Bayerns Innenminister sieht noch viele offene Fragen
Bayerns Innenminister Joachim Herrmann (CSU) wertete den Gipfel im Kanzleramt als gutes Signal für eine Änderung der Migrationspolitik. Allerdings seien bis zu den endgültigen Beschlüssen am 6. November noch einige Fragen zu lösen.
Herrmann bekräftigte im BR-Fernsehen die Forderung nach einer sogenannten "Integrationsgrenze" für Asylbewerber: "CDU und CSU sagen ganz klar, dass bei mehr als 200.000 im Jahr wir in Deutschland extreme Probleme bekommen, das vernünftig zu integrieren. Und deshalb haben wir das als eine entsprechende Zahl auch in den Raum gestellt." Doch darüber gibt es keinen Konsens auf Bundes- und Länderebene.
Ebenso umstritten ist die Höhe der Sozialleistungen für Asylbewerber. Deutschland dürfe hier nicht an der Spitze der EU stehen, so Herrmann: "Wir behaupten nicht, dass Menschen sich allein wegen dieser Leistungen auf die Flucht begeben. Aber wenn sie in Europa ankommen, haben viele eine sehr klare Vorstellung, dass sie ausgerechnet nach Deutschland wollen. Und das hängt schon ganz wesentlich damit zusammen, dass hier die höchsten Sozialleistungen gezahlt werden."
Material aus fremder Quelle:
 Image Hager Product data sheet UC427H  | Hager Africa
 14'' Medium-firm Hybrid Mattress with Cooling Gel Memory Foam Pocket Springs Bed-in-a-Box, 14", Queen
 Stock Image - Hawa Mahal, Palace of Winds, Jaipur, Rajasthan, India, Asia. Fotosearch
"Jetzt muss auch der Bund Farbe bekennen"
Der Deutsche Städtetag wertete das Treffen als Erfolg, warnte aber nun vor einem "Weiter so". Vizepräsident Burkhard Jung (SPD) sagte der "Rheinischen Post", trotz fehlender konkreter Beschlüsse sei das Treffen das "schon lange notwendige wichtige Signal" gewesen, dass die "Hilferufe aus den Städten in der Bundespolitik angekommen sind und die Bereitschaft besteht, gemeinsam handfeste Lösungen zu suchen".
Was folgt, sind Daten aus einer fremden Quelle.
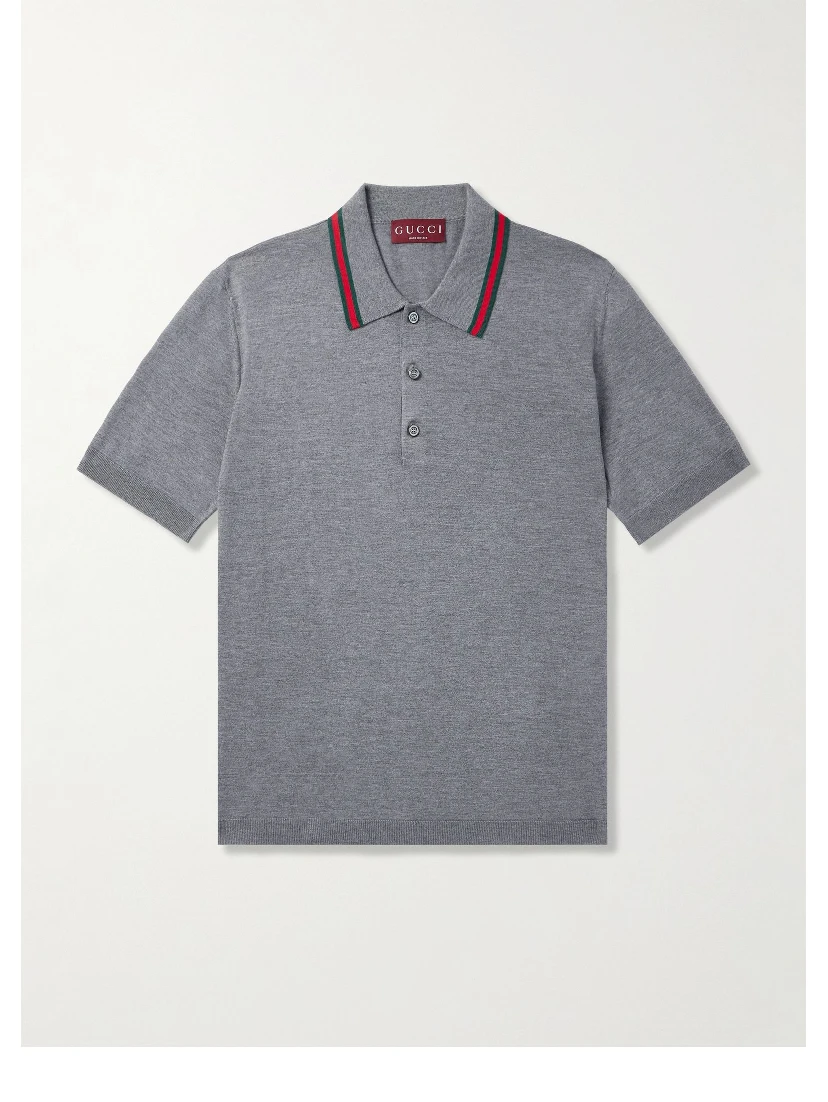 Short sleeves polo shirt in wool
"Bund und Länder sowie Regierung und Opposition dürfen nach den Gesprächen jetzt aber nicht in alte Muster zurückfallen und sich gegenseitig den schwarzen Peter zuschieben", fuhr der Leipziger Oberbürgermeister fort. Die Vorschläge der Länder bei der Ministerpräsidentenkonferenz zu mehr Rückführungen und schnelleren Asylverfahren seien der richtige Ansatz. "Jetzt muss auch der Bund Farbe bekennen", sagte Jung.
Der Präsident des Landkreistags, Reinhard Sager, forderte Aufnahmezentren an den deutschen Außengrenzen, um die Migration zu begrenzen und zu steuern. "Wir brauchen Zentren für die Registrierung der Ankommenden auf deutschen Flughäfen und auch an den deutschen Außengrenzen", sagte er dem "Tagesspiegel". Am 6. November bei der nächsten Ministerpräsidentenkonferenz müsse zudem "klar sein, dass die Bezahlkarte kommt".